Iowa City does not require short-term rental hosts to carry a specific insurance policy or post a liability minimum, and Iowa Code §414.1(2) would bar an STR-specific mandate in any event. Iowa has no statewide STR insurance law. Hosts using Airbnb or VRBO rely on platform-provided host protection (Airbnb AirCover up to $1M, VRBO Liability Insurance up to $1M), and a personal Iowa homeowner's policy almost always excludes rental for compensation.
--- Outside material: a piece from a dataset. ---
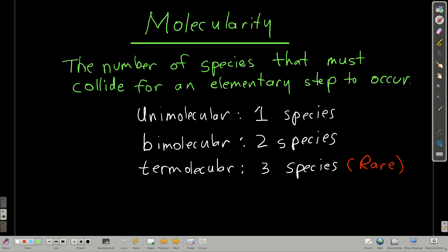When we talk about molecularity, we're talking about the number of species that have to collide for an elementary step to occur. If it's a unimolecular reaction, only one species is involved, so it's going to be a dissociation. If it's bimolecular, two species are involved. Termolecular means three are involved, and this is a really rare elementary step because for three species to come together with the right orientation and energy is very difficult.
Neither the Iowa City Code nor Iowa state law imposes an insurance requirement on STR operators. Iowa Code §414.1(2) (HF 2641, 2020) would block an STR-specific insurance mandate by Iowa City as inconsistent with the rule that STRs cannot be regulated differently from other residential property; the city could, however, impose a general rental-property insurance requirement that applies to all rentals. Iowa City has not done so to date. Coverage is therefore governed entirely by contract: the host's homeowner's or landlord policy, the platform's host-protection program, and any HOA or condo master policy. The major risk for Iowa hosts is that a standard Iowa HO-3 homeowner's policy contains a 'business pursuits' exclusion that voids coverage for property damage and liability arising out of a rental for compensation - including a single Airbnb booking. Hosts should either (1) endorse a 'home-sharing' or STR rider onto the HO-3, (2) move to a commercial Landlord Dwelling policy (DP-3) plus a Hosted Lodging endorsement, or (3) purchase a dedicated STR policy from a specialist carrier (Proper, Slice). Platform protection programs are secondary, not a substitute: Airbnb AirCover provides up to $1,000,000 liability and $3,000,000 host damage protection but only for losses caused by the verified booking guest and only when filed through Airbnb. The Iowa City Title 17 rental permit application does not require proof of insurance, but University of Iowa-area condo associations and mortgage lenders frequently impose insurance requirements via private contract.
Operating without adequate insurance is not a code violation in Iowa City, but a guest injury without coverage can result in personal liability up to the host's full net worth. An Iowa homeowner's policy that excludes business pursuits will deny the claim, and Iowa's bad-faith framework (Dolan v. Aid Insurance Co., 431 N.W.2d 790 (Iowa 1988)) does not help if the exclusion is clearly drafted and applied to a clearly commercial use.